### SUPPLIED RECORDS
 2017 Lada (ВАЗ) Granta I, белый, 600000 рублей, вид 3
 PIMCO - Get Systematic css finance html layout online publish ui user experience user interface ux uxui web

...

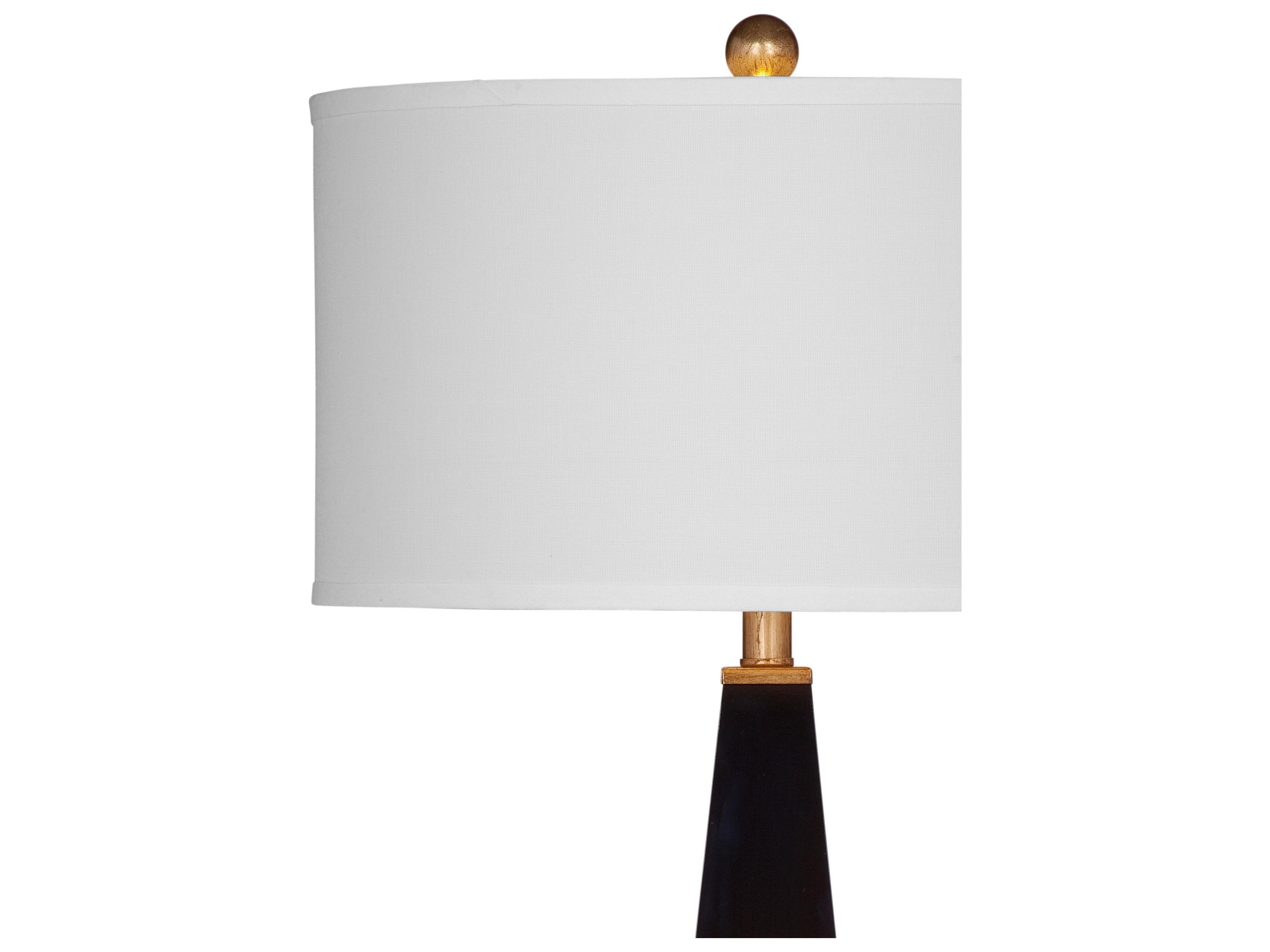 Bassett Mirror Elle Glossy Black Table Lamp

---

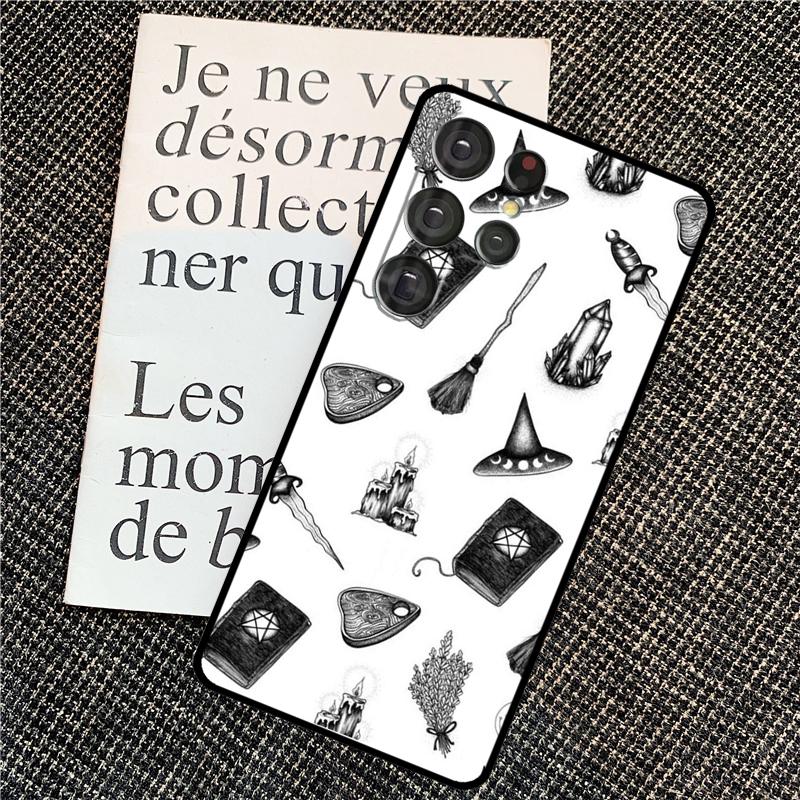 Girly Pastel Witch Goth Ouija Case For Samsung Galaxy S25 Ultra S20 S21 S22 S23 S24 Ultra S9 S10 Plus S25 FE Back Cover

### TASK PROMPT
Repeat, word for word, the lines above between the line holding "2017 Lada (ВАЗ)" and the line holding "PIMCO - Get", inclusive; omit everything else.

### ANSWER BOX
 2017 Lada (ВАЗ) Granta I, белый, 600000 рублей, вид 3
 PIMCO - Get Systematic css finance html layout online publish ui user experience user interface ux uxui web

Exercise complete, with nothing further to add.